** Opening Source information block **

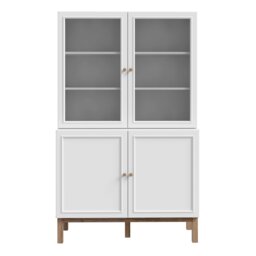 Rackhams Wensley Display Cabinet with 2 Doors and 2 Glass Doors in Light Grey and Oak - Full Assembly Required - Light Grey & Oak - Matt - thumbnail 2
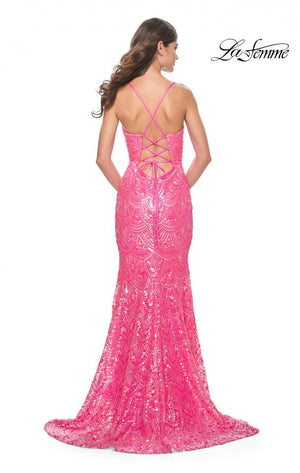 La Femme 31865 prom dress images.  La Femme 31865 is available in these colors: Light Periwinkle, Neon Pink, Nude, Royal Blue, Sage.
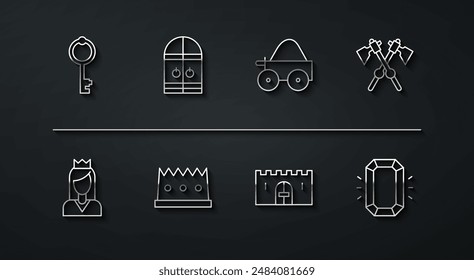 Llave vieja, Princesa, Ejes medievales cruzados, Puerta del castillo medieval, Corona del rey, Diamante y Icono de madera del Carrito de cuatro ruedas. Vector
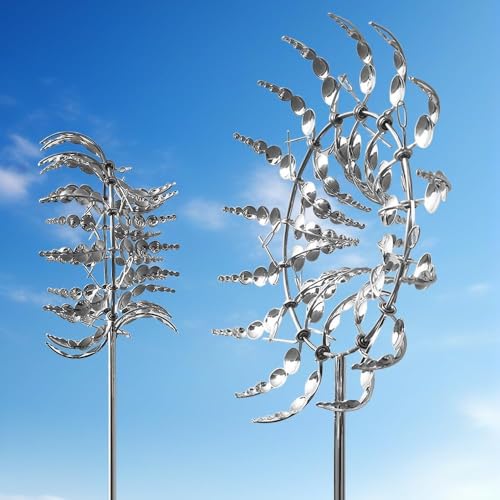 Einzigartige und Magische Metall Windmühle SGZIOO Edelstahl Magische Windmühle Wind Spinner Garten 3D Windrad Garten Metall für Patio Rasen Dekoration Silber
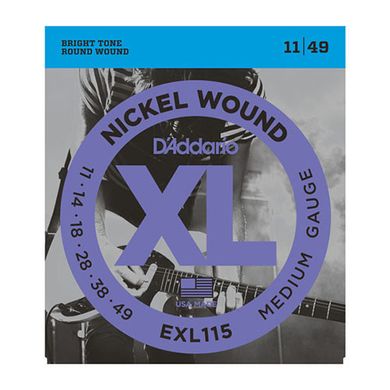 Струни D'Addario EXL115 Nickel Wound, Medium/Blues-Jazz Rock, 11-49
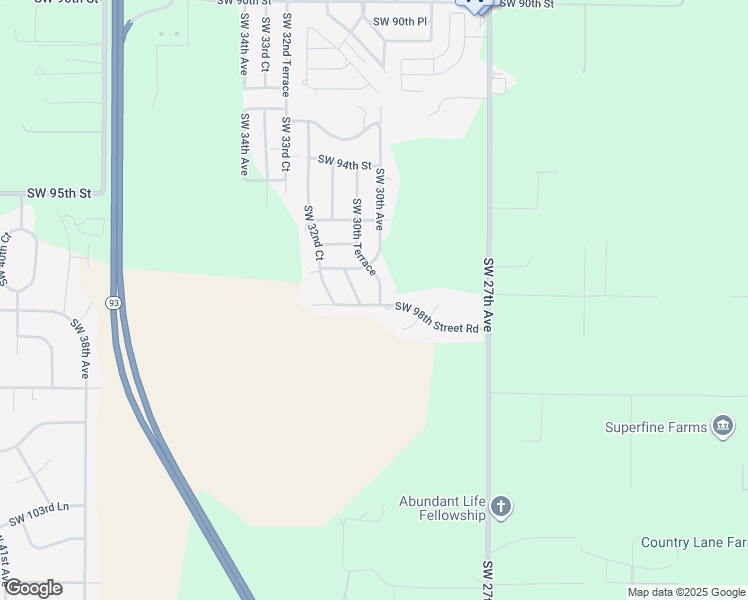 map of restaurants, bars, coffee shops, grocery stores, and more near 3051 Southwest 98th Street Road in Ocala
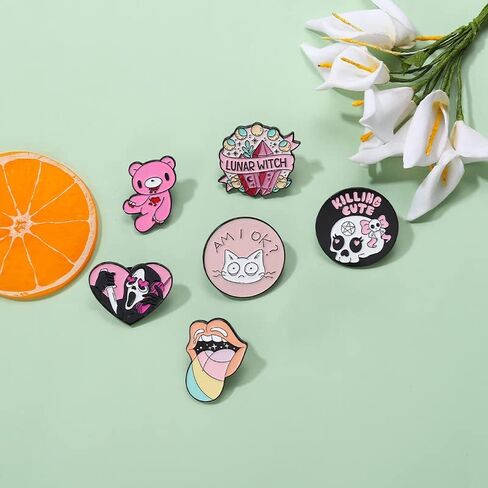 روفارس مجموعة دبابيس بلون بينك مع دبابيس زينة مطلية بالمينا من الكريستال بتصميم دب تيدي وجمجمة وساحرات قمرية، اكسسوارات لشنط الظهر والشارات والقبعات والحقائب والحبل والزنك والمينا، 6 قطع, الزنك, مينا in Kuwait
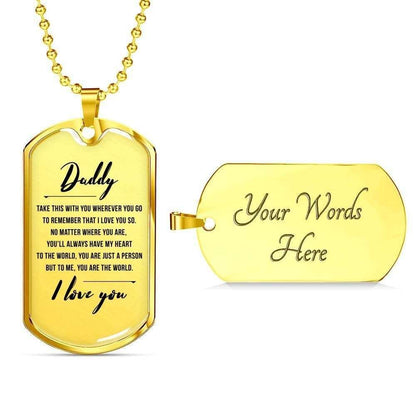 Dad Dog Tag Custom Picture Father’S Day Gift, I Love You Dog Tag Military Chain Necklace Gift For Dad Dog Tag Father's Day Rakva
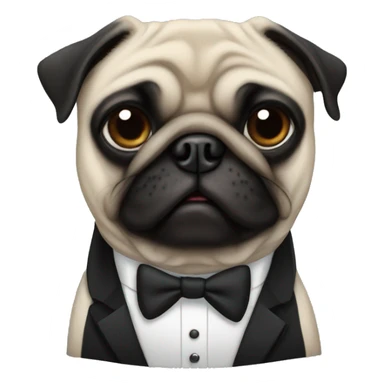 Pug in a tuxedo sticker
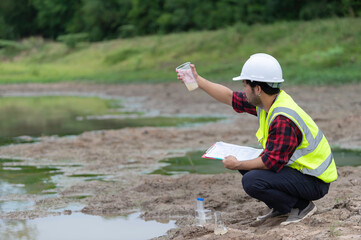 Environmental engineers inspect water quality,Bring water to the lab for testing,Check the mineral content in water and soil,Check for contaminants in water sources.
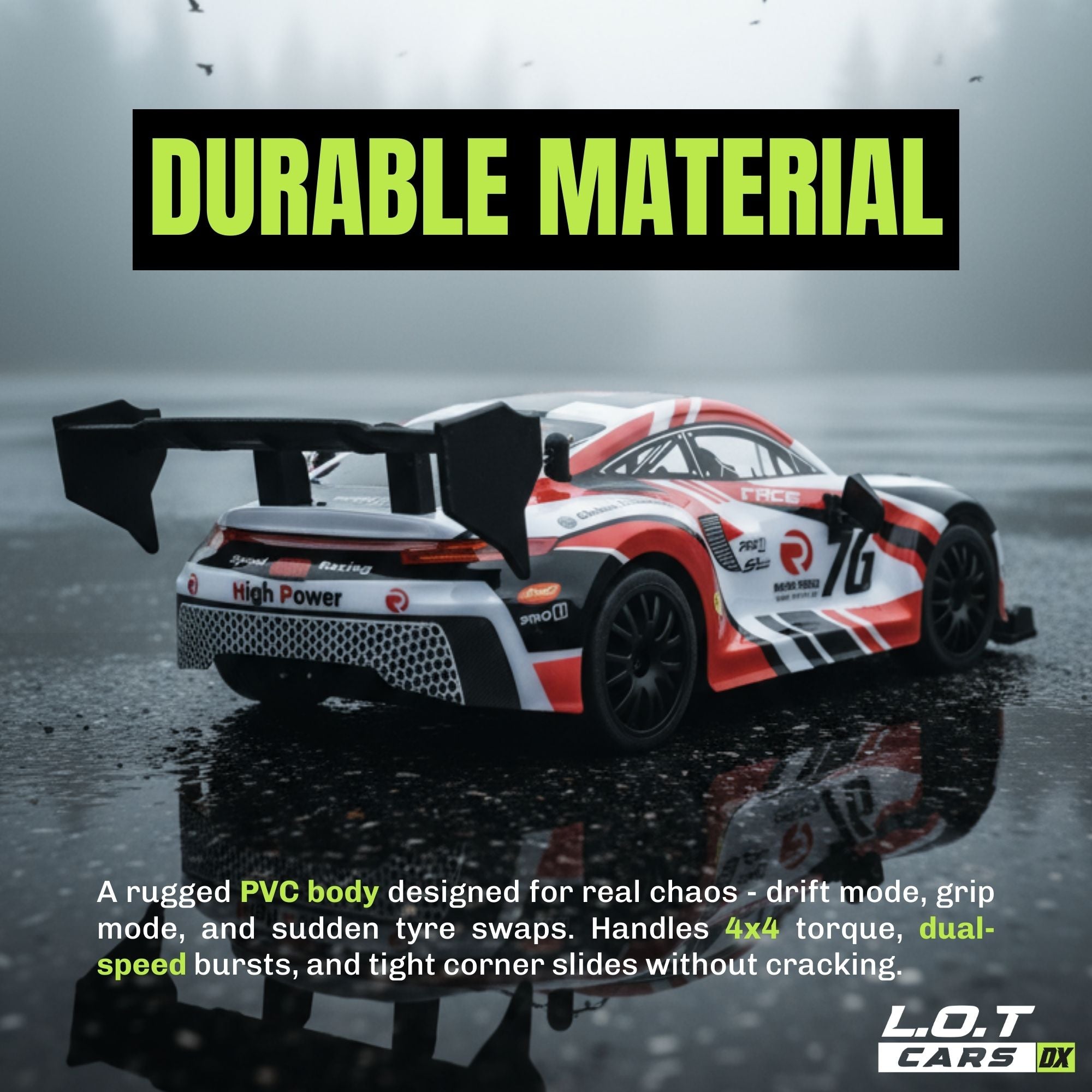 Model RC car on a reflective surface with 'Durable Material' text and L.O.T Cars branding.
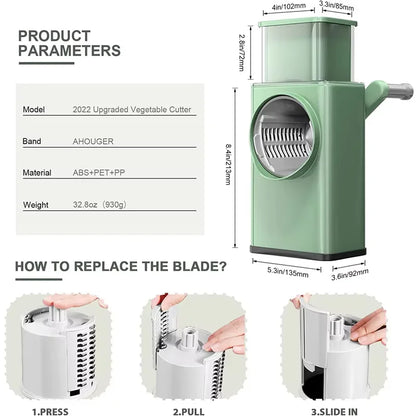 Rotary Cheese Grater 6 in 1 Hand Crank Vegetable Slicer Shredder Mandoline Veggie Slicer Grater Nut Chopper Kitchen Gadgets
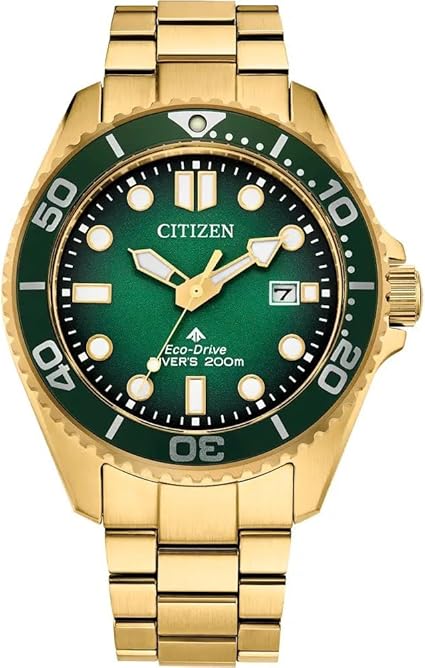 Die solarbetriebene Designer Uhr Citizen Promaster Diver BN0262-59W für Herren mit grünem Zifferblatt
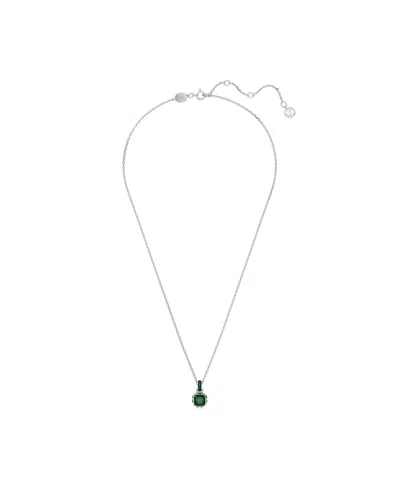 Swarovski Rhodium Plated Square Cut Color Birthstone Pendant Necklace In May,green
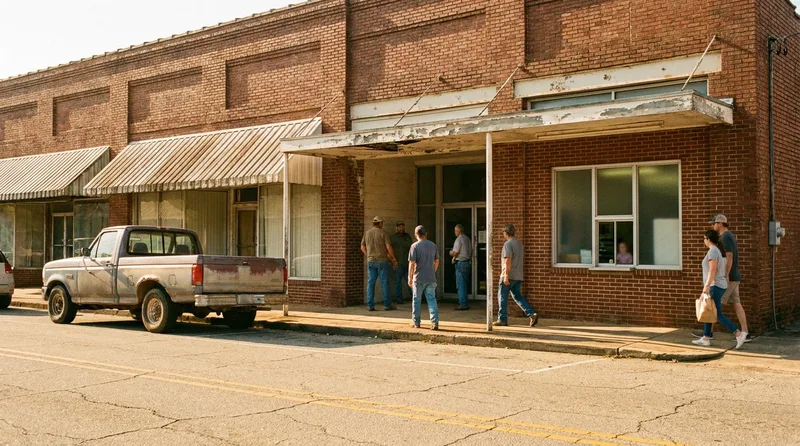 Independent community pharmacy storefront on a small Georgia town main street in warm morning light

** Closing Source information block **

With the pictures left out, restate word for word every line of the data above, from the first down to the line that contains "Swarovski Rhodium Plated".

• _Answer space_:
 Rackhams Wensley Display Cabinet with 2 Doors and 2 Glass Doors in Light Grey and Oak - Full Assembly Required - Light Grey & Oak - Matt - thumbnail 2
 La Femme 31865 prom dress images.  La Femme 31865 is available in these colors: Light Periwinkle, Neon Pink, Nude, Royal Blue, Sage.
 Llave vieja, Princesa, Ejes medievales cruzados, Puerta del castillo medieval, Corona del rey, Diamante y Icono de madera del Carrito de cuatro ruedas. Vector
 Einzigartige und Magische Metall Windmühle SGZIOO Edelstahl Magische Windmühle Wind Spinner Garten 3D Windrad Garten Metall für Patio Rasen Dekoration Silber
 Струни D'Addario EXL115 Nickel Wound, Medium/Blues-Jazz Rock, 11-49
 map of restaurants, bars, coffee shops, grocery stores, and more near 3051 Southwest 98th Street Road in Ocala
 روفارس مجموعة دبابيس بلون بينك مع دبابيس زينة مطلية بالمينا من الكريستال بتصميم دب تيدي وجمجمة وساحرات قمرية، اكسسوارات لشنط الظهر والشارات والقبعات والحقائب والحبل والزنك والمينا، 6 قطع, الزنك, مينا in Kuwait
 Dad Dog Tag Custom Picture Father’S Day Gift, I Love You Dog Tag Military Chain Necklace Gift For Dad Dog Tag Father's Day Rakva
 Pug in a tuxedo sticker
 Environmental engineers inspect water quality,Bring water to the lab for testing,Check the mineral content in water and soil,Check for contaminants in water sources.
 Model RC car on a reflective surface with 'Durable Material' text and L.O.T Cars branding.
 Rotary Cheese Grater 6 in 1 Hand Crank Vegetable Slicer Shredder Mandoline Veggie Slicer Grater Nut Chopper Kitchen Gadgets
 Die solarbetriebene Designer Uhr Citizen Promaster Diver BN0262-59W für Herren mit grünem Zifferblatt
 Swarovski Rhodium Plated Square Cut Color Birthstone Pendant Necklace In May,green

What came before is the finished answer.